# The Internet’s Most Simple Explanations of Discount Rate, Present Value and Net Present Value

**What is a discount rate?**

A discount rate is an interest rate. The term “interest rate” is used when referring to a present value of money and its future growth. The term “discount rate” is used when looking at an amount of money to be received in the future and calculating its present value. The word “discount” means “to deduct an amount.” A discount rate is deducted from a future value of money to provide its present value. The below scenario clearly explains the terms “discount rate,” “present value,” and “net present value.”

**The Situation**

Bob wants to become an entrepreneur. His father, an accountant named Stan, wants Bob to first know the value of money today ― otherwise known as the present value ― and be able to calculate its future value. “Future value” refers to an amount of money that is expected to arrive at a predetermined time in the future. Stan also wants his son to be able to calculate the present value of money that is scheduled to arrive in the future. Bob will need these skills to manage his company’s finances.

**The Choice**

Bob purchased some goods for Stan that cost exactly $100. In the family room at home, Stan tells his son, “I’ve got an offer for you. I can either pay you back $100 today or I can pay you $110 one year from today. Which would you prefer?”

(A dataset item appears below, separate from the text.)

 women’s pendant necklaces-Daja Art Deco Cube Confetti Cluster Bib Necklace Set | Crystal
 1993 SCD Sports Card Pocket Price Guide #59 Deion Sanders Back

Bob pulls out his mobile phone, looks online and sees that a bank is offering a guaranteed 5% annual interest rate on money invested today.

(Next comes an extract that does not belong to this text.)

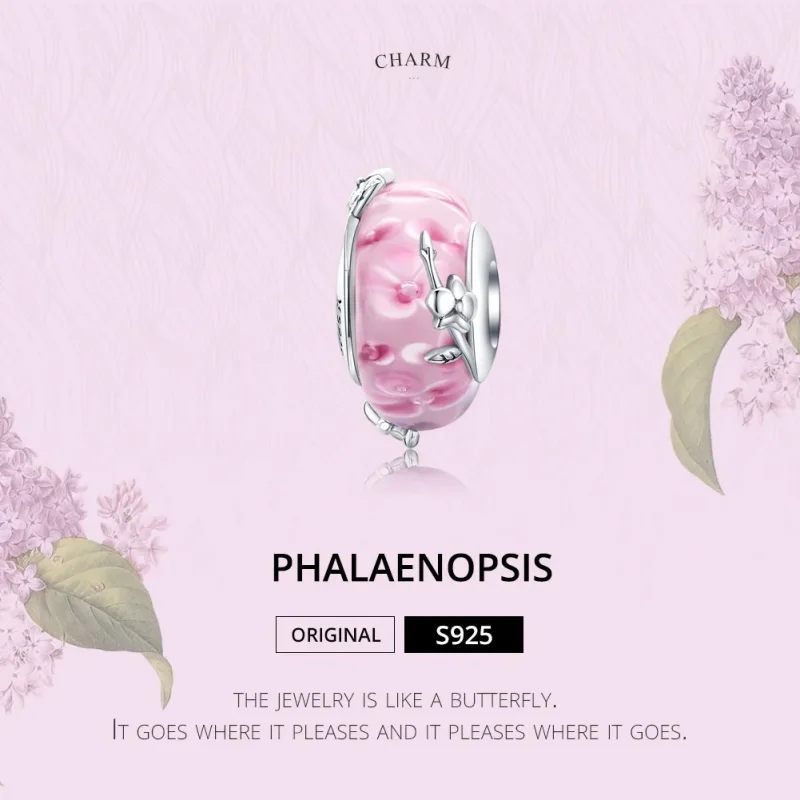 (image for) Pandora Style Silver Phalaenopsis Murano Glass Charm - SCC1281 - View 2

Bob gets up and says, “Let me figure this out and return with an answer.”

Now it may seem as if the difference between the two offers is negligible. But Stan wants Bob to be able to make decisions like this involving leases and payment terms for products and services that may cost thousands of times more than $110.

**Present Value**

Bob knows the present value of the first offer. Clearly the present value of $100 is $100. He also knows that he can get 5% annual interest from the bank. But Bob doesn’t know the future value, the amount $100 will be valued at a year from today.

Bob knows the future value of the second offer is $110. That’s the amount he could receive a year from today. But he doesn’t know the present value of $110. He needs to know the present value of $110 calculated at a 5% discount rate to see if it is valued more or less than $100.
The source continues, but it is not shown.